Ramona Renfroe, chair of the Tourism Development Committee (TDC) gave a presentation to the Planning Board specifying what tourism means for Ashe County’s stability.

“When we stop and think about tourism, we have to stop and think, ‘What does it really do for us?’” Renfroe said. “What have you done for me lately?”

Renfroe began the presentation by defining a tourist, which in Ashe County means anybody who travels 30 miles or more for business or pleasure.

“Anybody who is coming (to Ashe County) and scouting to put a business in here, they are coming in as a tourist,” she said. “They are spending money to stay overnight, or eat at or restaurants or even do a little shopping.”

In 2012, tourists spent $46.55 million in Ashe County, which was 2.67 percent more than spent in 2011. Averaged out, the amount of new money coming into Ashe County daily was $127,543 through tourism.

Of that $46.55 million, $6.58 million was worker payroll, $2.35 million was state taxes paid and $2.45 million was local taxes paid. Most importantly, the money from tourism translated to $405.45 per household, that year-round Ashe County residents did not have to pay.

“That is money that we don’t have to pay, because the tourism dollars are paying for us,” Renfroe said.

Renfroe said tourism has increased beautification projects in Ashe County, including revitalizing downtown West Jefferson and the expansion of the Lansing Creeper Trail Park. Also, tourism has influenced relocation decisions including Art of Oil and other downtown shops, as well as GE Aviation.

“When (GE) was looking at places to locate, they sent people here, looked at all of the information that we had and all of the services that we offer,” Renfroe said. “When looking at these larger corporations and luring them in, tourism is our first step. That is the gateway.”

Renfroe also emphasized that tourism will not only create new jobs, but those jobs can not be outsourced to other states or countries. Jobs in the tourism industry can range from part-time, entry level work to professional careers.

The more people come and visit the area, will also mean more money for the county and town of West Jefferson in relation to occupancy tax.
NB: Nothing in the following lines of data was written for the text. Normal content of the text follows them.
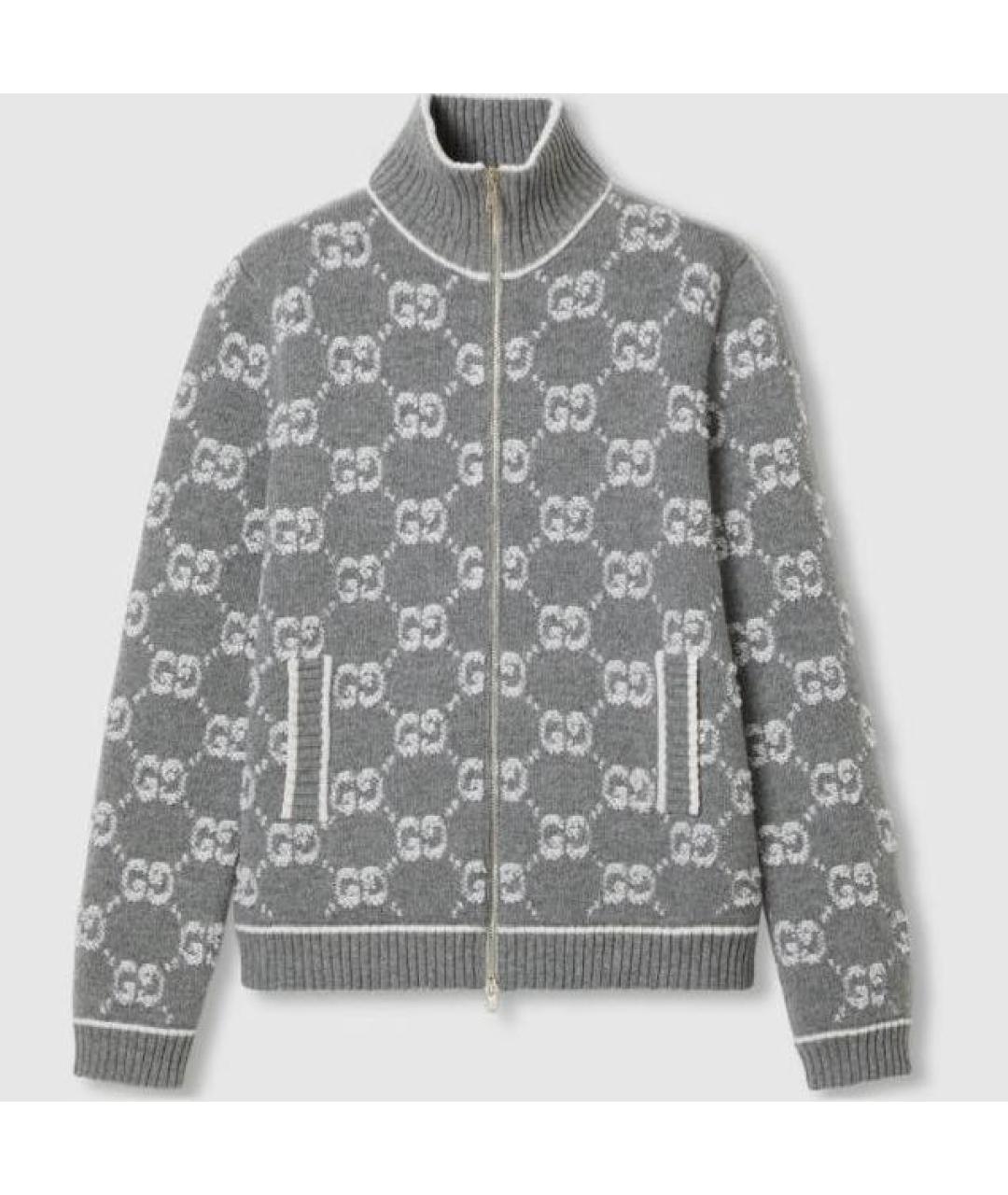 GUCCI Серый шерстяной кардиган, фото 7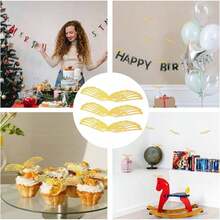 SAVITA 50pcs 4.72 Inch Snitch Wings With 50pcs Glue Circles, Glitter Wizard Party Chocolate Decoration Hollowed Wings Party Supplies Birthday Wedding Celebration Prom (Golden) - 1 - View 8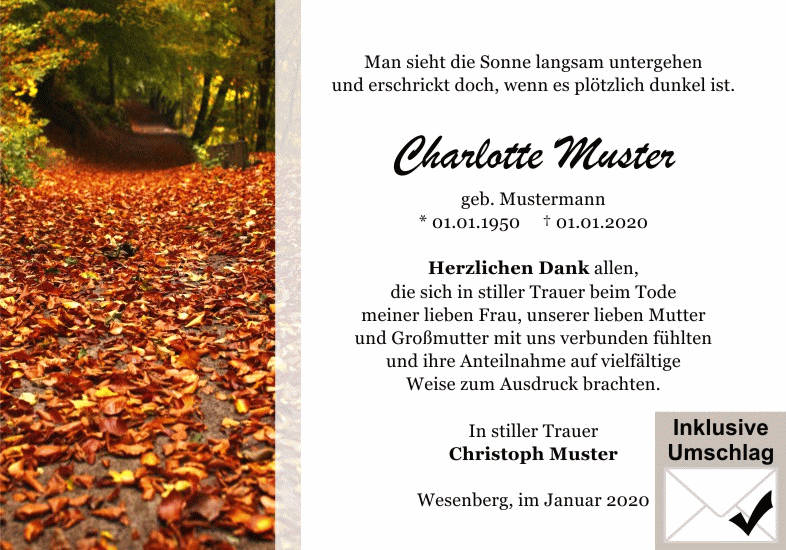 Danksagungen Trauer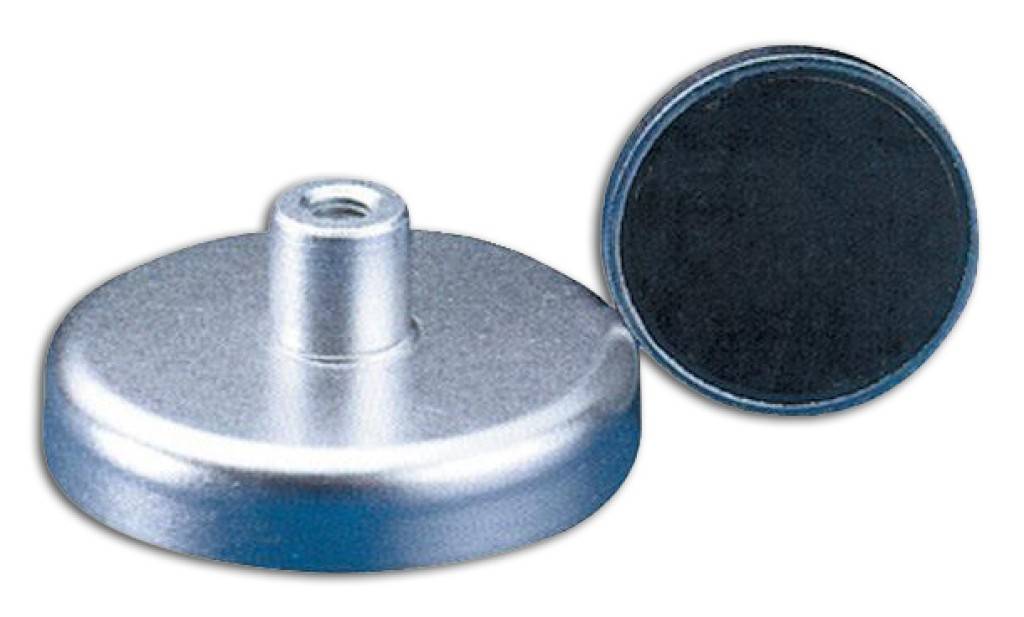 Magnet-Flachgreifer mit GewindebuchseAus HartferritOberfläche verzinkt, abgeschirmtEmpfohlene Einsatztemperatur 100 C, max. Einsatztemperatur 200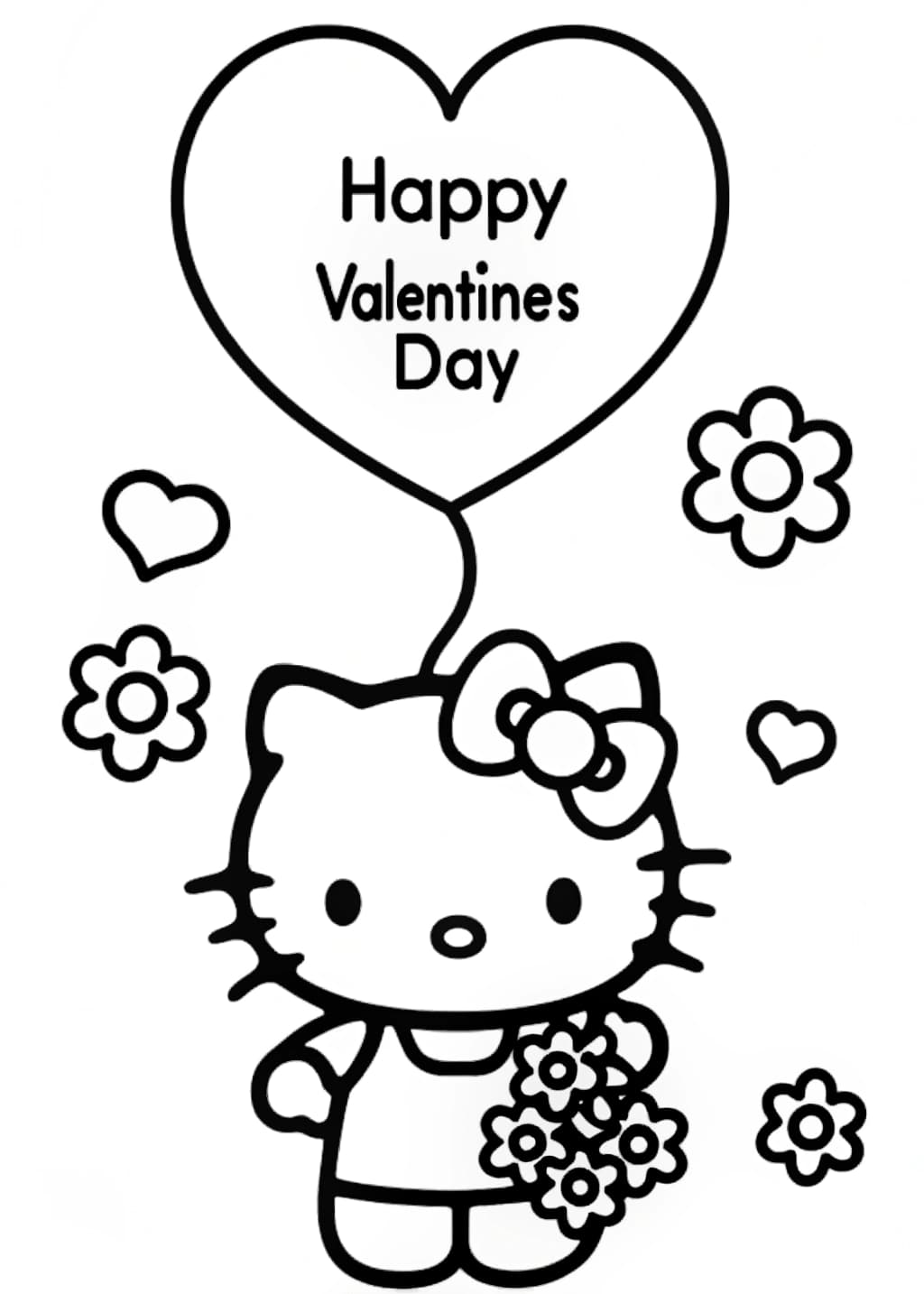 Simple Hello Kitty Valentines Day Coloring Page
As more visitors come, more hotels, motels and bed and breakfasts will come to provide tourists a place to stay, while restaurants, shops and venues will support quality of life and new business.

Planning Board Vice Chair Darrell Hamilton asked Renfroe what she would advise the board to do as they are working on a land use plan. Renfroe said the county needs to promote the things it already has.

“It’s looking at the things that are really valuable to us,” Renfroe said. “I know that for tourism, we don’t want to be all things to all people. We want to look at the things that are really valuable to us and focus on growing or maintaining those things.”

After Renfroe’s presentation, Cabot Hamilton, executive director of the Ashe County Chamber of Commerce also talked to the Planning Board.

“You are a planning committee, and you can play a huge part in the development and direction that (Ashe County) is going to go in,” he said. “I will say the tourism committee in the last two-to-three years has been the most active committee that we have in the Chamber.”

For instance, the tourism committee helped the Chamber of Commerce come up with the slogan “The Coolest Corner of North Carolina” for the organization’s website.

“Tourism is an economic driving force for Ashe County, and it has been for quite some time,” Hamilton said. “Small business entreprenuers need to be courted, that is going to be a major, driving force.”

Also, Hamilton noted how important the tax money coming from tourism in the county is to benefiting the residents.

“If the money earned from the money spent by the tourists did not bring in that tax benefit, the county commissioners would either have to raise taxes to get the same amount of benefits, or cut the benefits,” Hamilton said. “I tell people to hug a tourist, we love them.”